Personal information
- Full name: Ramón Manuel Mendoza Intriago
- Date of birth: October 10, 1976 (age 48)
- Place of birth: El Empalme, Ecuador
- Height: 1.70 m (5 ft 7 in)
- Position(s): Defender

Senior career*
- Years: Team / Apps / (Gls)
- 1996–2001: Emelec
- 2001–2002: Deportivo Cuenca
- 2002–2003: Levski Sofia / 8 / (0)
- 2003–2005: Deportivo Cuenca
- 2005: LDU Portoviejo
- 2006: Aucas / 12 / (0)
- 2007: Deportivo Quito / 27 / (0)
- 2008: Deportivo Azogues / 15 / (1)
- 2009: Olmedo / 15 / (0)

= Manuel Mendoza (footballer, born 1976) =

Ecuadorian footballer

Manuel Mendoza (born October 10, 1976) is an Ecuadorian football defender.

==Club career==
In the 2002–03 season, Mendoza played for the Bulgarian side Levski Sofia, with whom he won the Bulgarian Cup.

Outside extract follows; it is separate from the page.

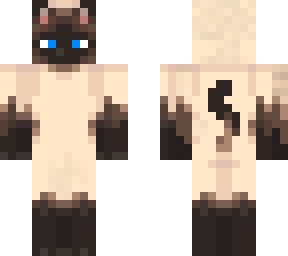 siamese cat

Although not scoring a single goal in the Premier League, Mendoza scored in the last minute against the arch-rivals CSKA Sofia in the semi-final of the Bulgarian Cup, giving Levski a 1–0 win and entering Levski's folklore forever. Mendoza is the first Ecuadorian player in Bulgarian football.

After the end of the season, he returned to Deportivo Cuenca and became a champion of Ecuador in 2004.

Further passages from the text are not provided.